Kemudian berturut-turut istrinya Raline yang menyalami sembari menangis sedih. Raline pasti berat ditinggalkan oleh mereka berdua. Xander putranya menyusul setelahnya.
"Dan kamu Lexa, turuti apa yang dikatakan oleh Pak Hamid dan Mbok Sari. Ingat, mulai hari ini namamu adalah Jamilah Binti Surip. Anak dari Surip. Putra sulung Pak Hamid dan Mbok Sari."
"Iya, Pa," jawab Alexa takzim.
"Ingat juga, kamu akan tinggal setahun penuh di sana. Tanpa uang saku sepeser pun dari Papa. Kamu akan diberi makan tiga kali sehari oleh Mbok Sari. Setelah itu kamu harus mencari uang saku sendiri. Kalau kamu curang, Papa akan menambahi waktu hukumanmu."

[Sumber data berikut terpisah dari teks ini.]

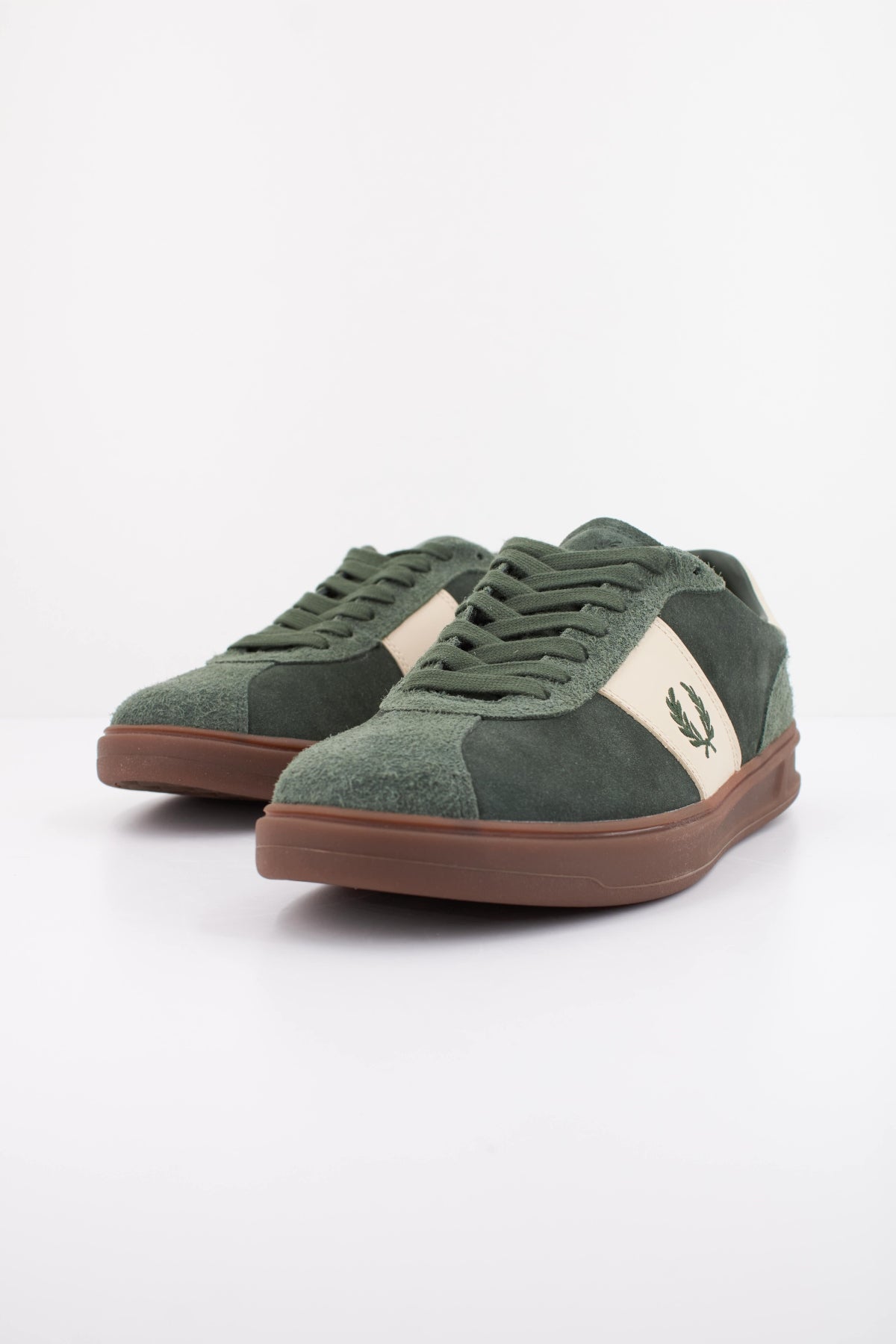 FRED PERRY SUEDE LEATHER en color VERDE (2)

"Siap, Pa!" Alexa mengeraskan suaranya.
"Kamu hanya akan bebas dari hukuman, dengan dua syarat. Menjalani hukumanmu selama setahun penuh, atau kalau ada laki-laki bernyali yang berani melamarmu pada Papa. Itu pun kalau laki-laki itu mampu mengalahkan Papa dan kakakmu di Alcatraz. Kalau dia kalah. Maka dia tidak pantas menjadi menantu Papa. Jelas, Lexa?"
"Jelas, Pa!" Angguk Alexa patuh. Benaknya hanya memikirkan satu hal. Ia akan terdampar selama setahun penuh di Desa Pelem. Karena tidak mungkin ada pemuda setempat yang berani melamarnya. Lebih jauh lagi, mampu mengalahkan keganasan papa dan kakaknya di atas ring tinju.
"Kalau begitu, segeralah berangkat." Perintah Axel. Alexa memeluk mama dan kakaknya. Keduanya memintanya bersabar dalam menjalani hukum. Mereka juga mengatakan kalau waktu setahun itu tidak lama. Ya, memang tidak lama bagi orang yang tidak mengalaminya.
Alexa memandangi seantero rumah sebelum meraih kopernya. Hanya koper inilah hartanya saat ini. Semua uangnya dan fasilitas dari papanya telah dicabut.
"Tinggalkan kopermu, Lexa. Papa sudah mempersiapkan koper tersendiri untukmu. Isinya berbagai macam model kebaya sederhana. Seperti kebaya model kutu baru, kebaya encim dan yang lainnya. Koper barumu sudah ayah siapkan di bagasi mobil. Kamu tinggal bawa badan saja ke desa Pelem. Berangkatlah sekarang."